Movies

I Want a Range Life

The beautiful sheep of Sweetgrass.

Sweetgrass

Since the late 19th century, sheep ranchers in Montana have driven their herds into the Absaroka-Beartooth mountain range to graze on the summer grass. Sweetgrass (Cinema Guild), a gorgeous and contemplative documentary by Ilisa Barbash and Lucien Castaing-Taylor, accompanies the last-ever sheep drives into the Beartooth range. The film, culled down from 200 hours of footage, was nine years in the making, and that unhurried pace is reflected in the results. It’s a movie that takes the viewer out of time, or rather places her in a different time, the cyclical time of herding and ranching, in which human and animal rhythms overlap and sometimes clash. Though Sweetgrass has moments of great beauty, the film is never nostalgic or idealizing about its human or ovine subjects.

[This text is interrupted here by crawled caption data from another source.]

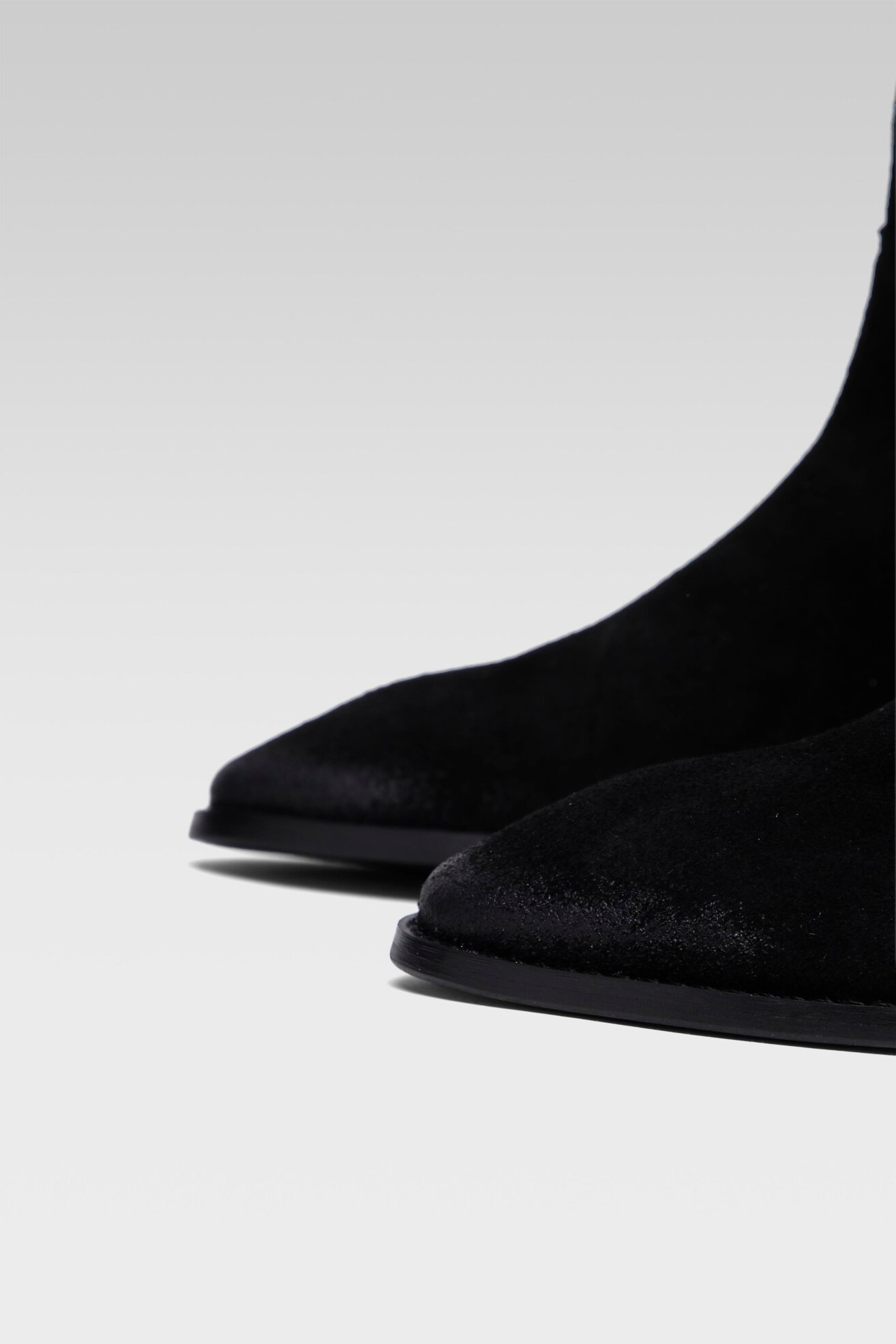 Botki Badura ALEGRA-08 Czarny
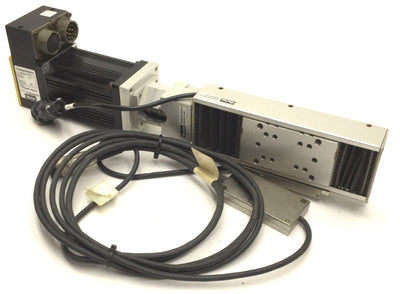 Used Parker CM232AE-00219 Motor, Linear Actuator & RSF Elektronik MSA001-7 Encoder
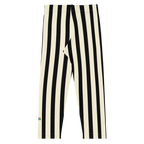 Circus Circus KIDS Leggings - BLACK STRIPE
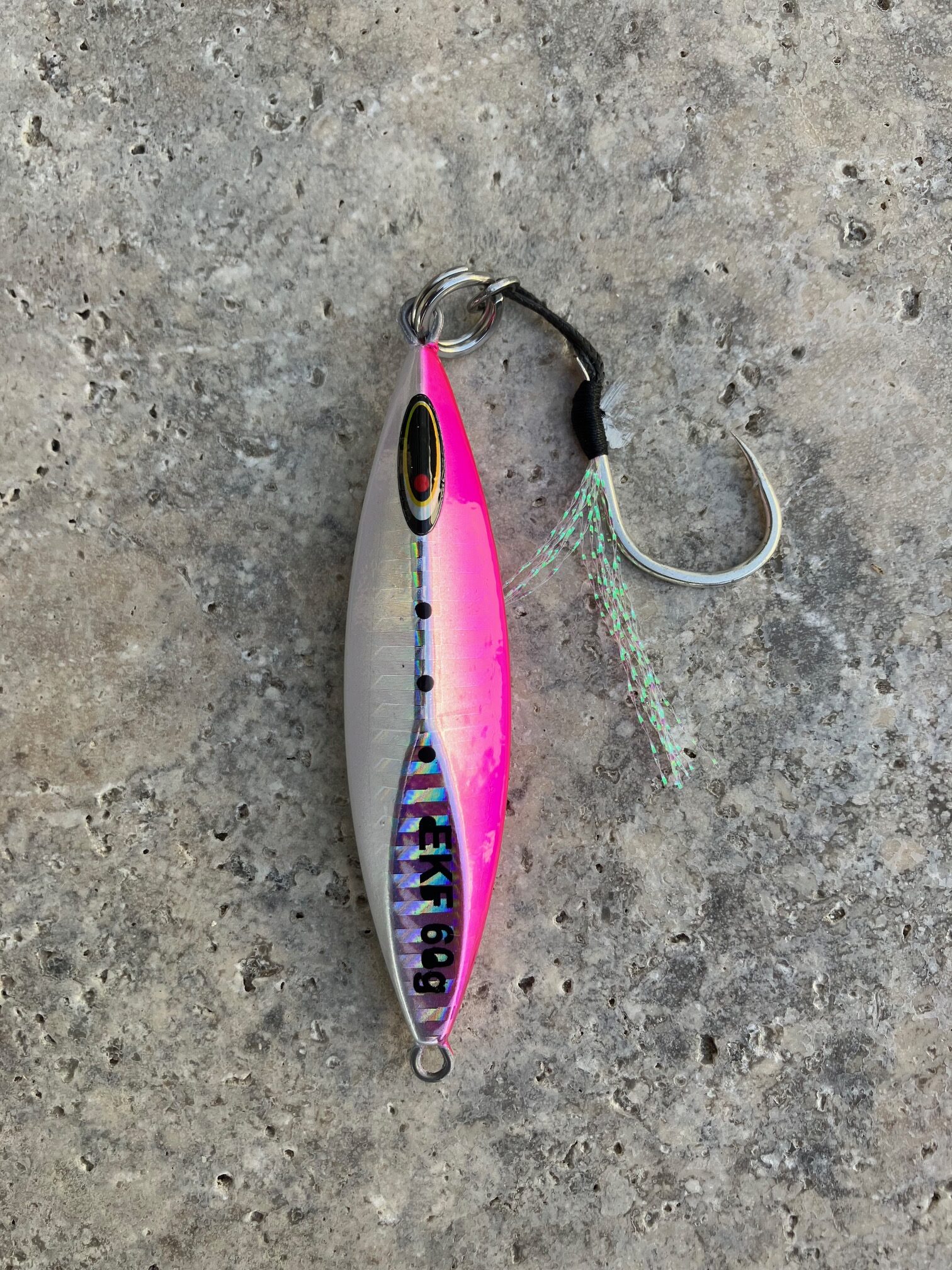 EKF Micro Jigs 40g, 60g, 80g - Image 4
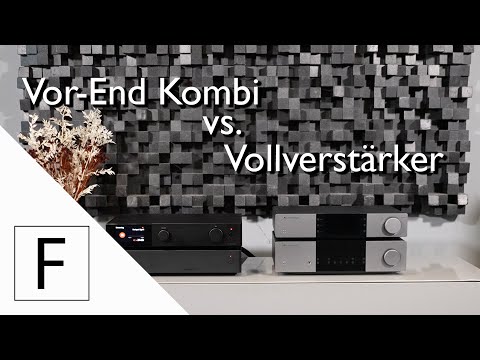 Vor-End Kombi vs. Vollverstärker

It shows the relationship of human and domesticated animal—and the relationship of both to nature—as a productive and symbiotic yet often brutal struggle.

Barbash and Castaing-Taylor, a married couple who are both anthropologists at Harvard, began filming the yearly sheep drives in 2001, returning in the off-season to document shearing and lambing season at the ranch. For the movie’s first half-hour or so, there is no human language at all, only the cacophonous (and surprisingly varied) sounds of bleating sheep as they graze, ruminate, huddle for warmth, and give birth. The first words, “Aw, shit, girl,” are spoken by a man to a sheep as he tries to persuade her to nurse an orphaned lamb. The movie is filmed in rigorous vérité style—no voiceover, no direct address to the camera. All the questions that come up while watching—Why is that newborn lamb being wrapped in another lamb’s skin? Is the wild animal menacing the herd at night a bear or a wolverine?—are answered not by intertitles or explanations but by unfolding events.

In the latter half of the movie, the focus shifts slightly in favor of the humans, as a veteran cowboy, John Ahern, and his younger companion, Pat Connolly, drive some 3,000 sheep up to the mountains to graze. These two men, with their horses and dogs, accompany the herd through stretches of punishingly steep terrain, stopping at night to set up their simple tents—just canvas stretched over tree branches—and cook on a stove that looks old enough to have come over with the pioneers. These camping scenes are what Brokeback Mountain might have been like if the leads weren’t gay, rarely spoke, and spent the majority of their time interacting with sheep. Along with moments of sheer misery—at one point, Pat calls his mother on his cell phone from the middle of nowhere and weeps from frustration and fatigue—there are glimpses of a pastoral way of life that’s as old as herding itself. When the irascibly crusty John naps under a tree with his hat over his eyes, ignoring Pat’s warnings about his sheep “getting by him,” he can’t help but evoke Little Boy Blue from the nursery rhyme, “under the haystack, fast asleep.”

The quality of the digital-video image is at times disappointingly muddy, but Castaing-Taylor’s camerawork is impressive, including a couple of sheep’s-eye-cam shots that must have involved him running crouched over with a hand-held camera in the midst of the surging herd. In the movie’s most unforgettable scene, the exhausted Pat unleashes a long stream of furious invective at the wayward animals—I can’t even tell you here the names he calls those @#$#&%! sheep—as the camera, looking down from a far-off peak at the abstract shapes created by the shifting herd, reminds us how tiny both man and beast are amid the immensity of nature. In that moment, one that’s hilarious, profound, and visually stunning all at once, Sweetgrass leaves behind the domain of ethnography and becomes a work of art.